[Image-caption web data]
****************

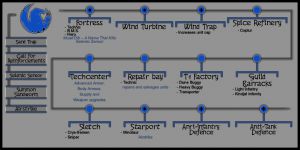 Atreides tech tree
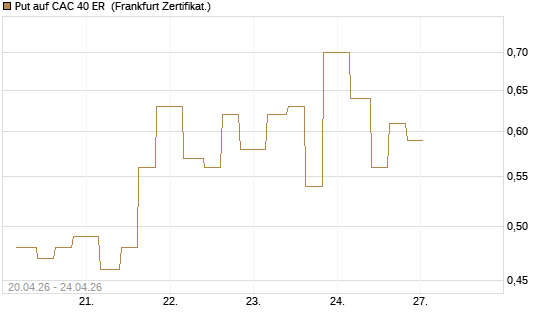 Put auf CAC 40 ER [Vontobel] Chart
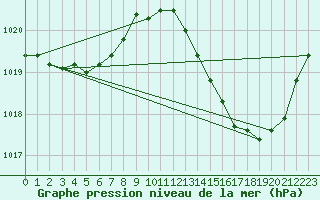 Courbe de la pression atmosphrique pour Frontenay (79)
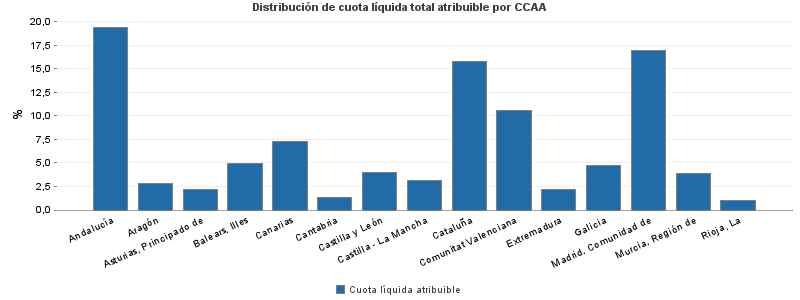 Distribución de cuota líquida total atribuible por CCAA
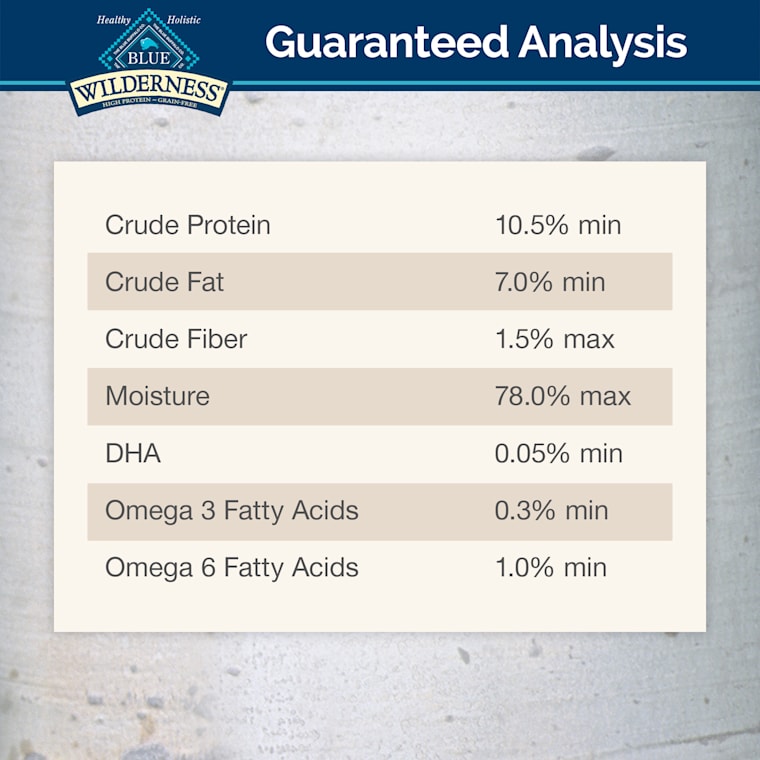 royal canin renal cat food pouches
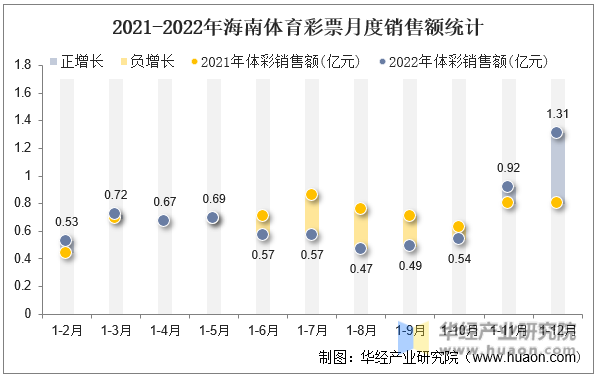 2021-2022年海南体育彩票月度销售额统计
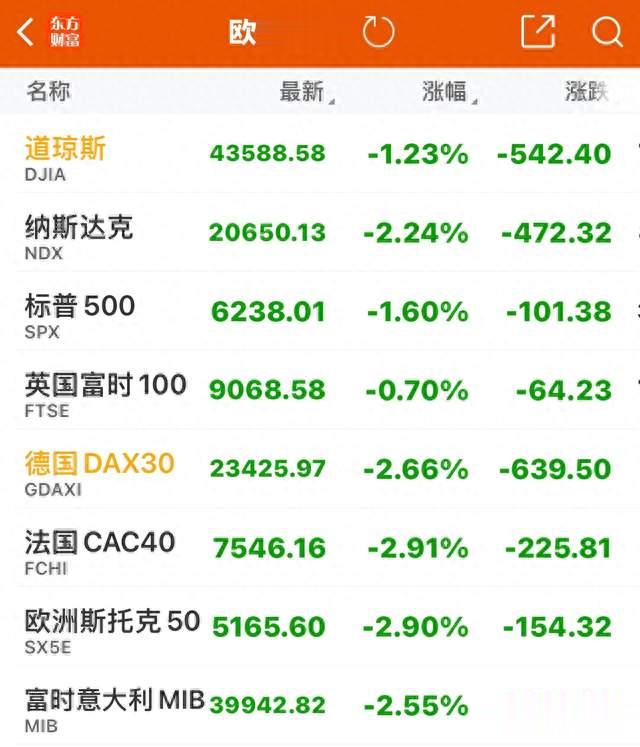 崩了！美股大跌，欧股重挫，亚马逊跌超8%，中概股普跌，A股稳了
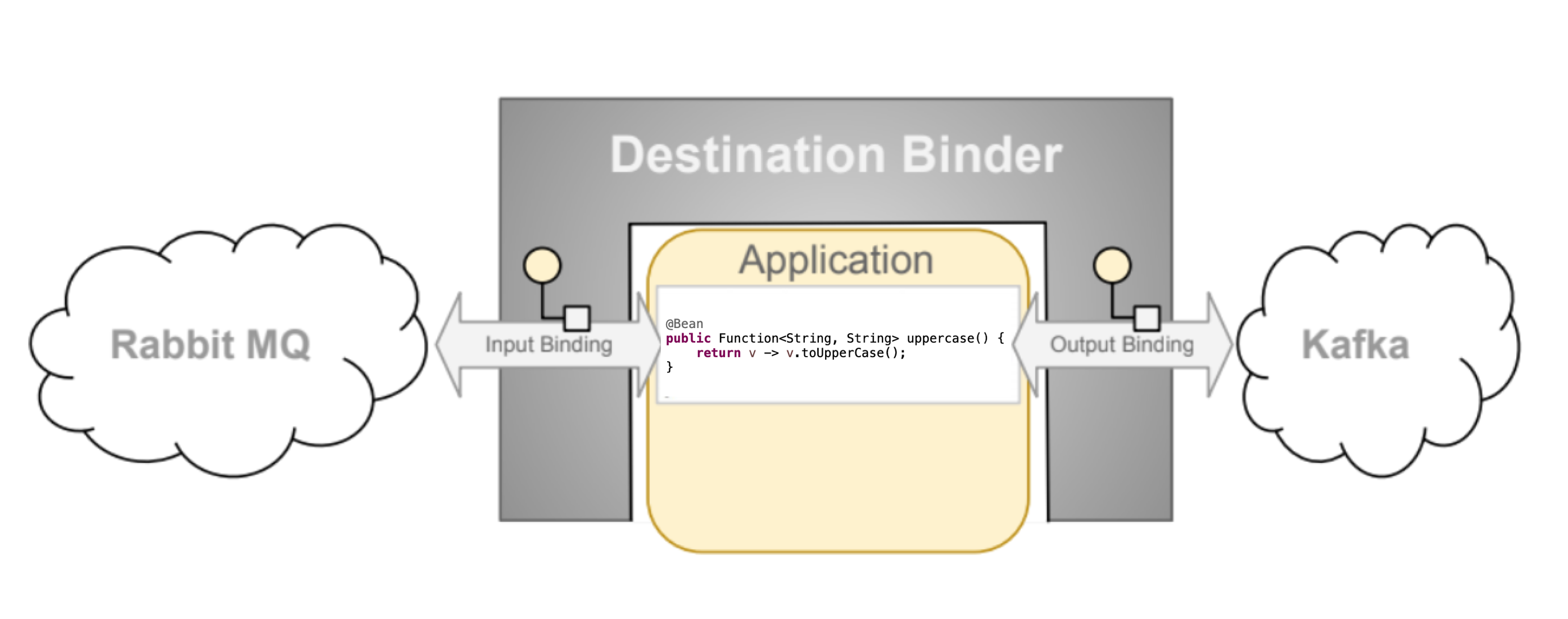 SCSt overview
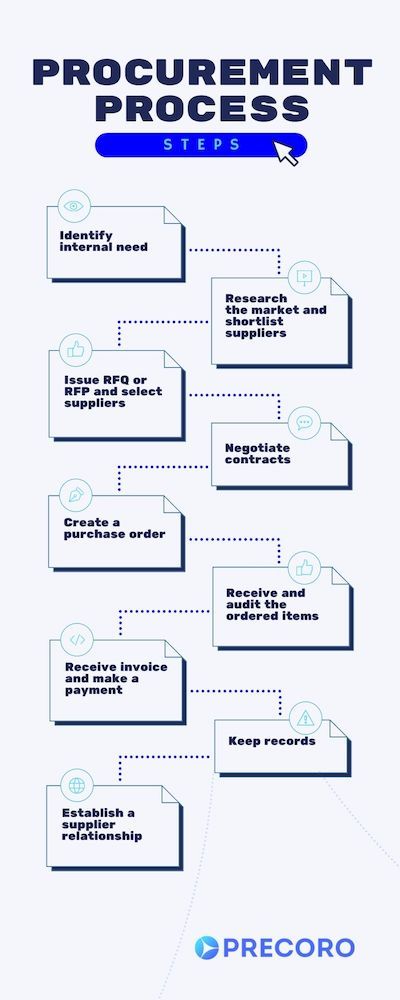 purchasing process steps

****************

Instructions for the task: Output each line of the records exactly. Any picture is skipped.

Solution to the problem:
 Atreides tech tree
 Put auf CAC 40 ER [Vontobel] Chart
 Courbe de la pression atmosphrique pour Frontenay (79)
 Distribución de cuota líquida total atribuible por CCAA
 royal canin renal cat food pouches
 2021-2022年海南体育彩票月度销售额统计
 崩了！美股大跌，欧股重挫，亚马逊跌超8%，中概股普跌，A股稳了
 SCSt overview
 purchasing process steps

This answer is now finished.